# [Task description]
All of the entries must appear again exactly as written.

Top of Records for the exercise

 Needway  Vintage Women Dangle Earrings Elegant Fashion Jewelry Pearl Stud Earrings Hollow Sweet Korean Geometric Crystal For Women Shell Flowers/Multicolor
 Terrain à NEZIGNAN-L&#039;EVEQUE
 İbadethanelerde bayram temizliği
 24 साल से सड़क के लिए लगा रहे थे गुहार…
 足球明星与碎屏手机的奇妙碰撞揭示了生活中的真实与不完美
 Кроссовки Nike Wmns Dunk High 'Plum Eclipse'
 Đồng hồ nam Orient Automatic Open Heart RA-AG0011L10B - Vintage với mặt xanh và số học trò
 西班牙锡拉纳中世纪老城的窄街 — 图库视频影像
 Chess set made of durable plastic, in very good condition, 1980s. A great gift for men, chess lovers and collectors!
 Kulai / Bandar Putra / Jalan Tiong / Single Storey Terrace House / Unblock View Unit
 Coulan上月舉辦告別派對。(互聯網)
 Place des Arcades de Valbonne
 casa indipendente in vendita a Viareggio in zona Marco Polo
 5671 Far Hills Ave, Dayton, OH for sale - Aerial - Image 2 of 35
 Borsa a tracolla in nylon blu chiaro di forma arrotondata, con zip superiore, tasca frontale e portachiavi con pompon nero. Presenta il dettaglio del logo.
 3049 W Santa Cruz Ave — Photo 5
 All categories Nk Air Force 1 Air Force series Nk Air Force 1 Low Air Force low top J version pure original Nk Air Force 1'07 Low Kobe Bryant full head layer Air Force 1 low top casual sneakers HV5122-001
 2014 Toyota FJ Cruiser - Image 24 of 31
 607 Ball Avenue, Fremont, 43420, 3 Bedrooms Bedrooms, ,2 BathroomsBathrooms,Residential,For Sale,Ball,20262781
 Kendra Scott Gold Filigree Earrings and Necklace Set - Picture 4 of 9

Bottom of Records for the exercise

# [Reply to the task]
 Needway  Vintage Women Dangle Earrings Elegant Fashion Jewelry Pearl Stud Earrings Hollow Sweet Korean Geometric Crystal For Women Shell Flowers/Multicolor
 Terrain à NEZIGNAN-L&#039;EVEQUE
 İbadethanelerde bayram temizliği
 24 साल से सड़क के लिए लगा रहे थे गुहार…
 足球明星与碎屏手机的奇妙碰撞揭示了生活中的真实与不完美
 Кроссовки Nike Wmns Dunk High 'Plum Eclipse'
 Đồng hồ nam Orient Automatic Open Heart RA-AG0011L10B - Vintage với mặt xanh và số học trò
 西班牙锡拉纳中世纪老城的窄街 — 图库视频影像
 Chess set made of durable plastic, in very good condition, 1980s. A great gift for men, chess lovers and collectors!
 Kulai / Bandar Putra / Jalan Tiong / Single Storey Terrace House / Unblock View Unit
 Coulan上月舉辦告別派對。(互聯網)
 Place des Arcades de Valbonne
 casa indipendente in vendita a Viareggio in zona Marco Polo
 5671 Far Hills Ave, Dayton, OH for sale - Aerial - Image 2 of 35
 Borsa a tracolla in nylon blu chiaro di forma arrotondata, con zip superiore, tasca frontale e portachiavi con pompon nero. Presenta il dettaglio del logo.
 3049 W Santa Cruz Ave — Photo 5
 All categories Nk Air Force 1 Air Force series Nk Air Force 1 Low Air Force low top J version pure original Nk Air Force 1'07 Low Kobe Bryant full head layer Air Force 1 low top casual sneakers HV5122-001
 2014 Toyota FJ Cruiser - Image 24 of 31
 607 Ball Avenue, Fremont, 43420, 3 Bedrooms Bedrooms, ,2 BathroomsBathrooms,Residential,For Sale,Ball,20262781
 Kendra Scott Gold Filigree Earrings and Necklace Set - Picture 4 of 9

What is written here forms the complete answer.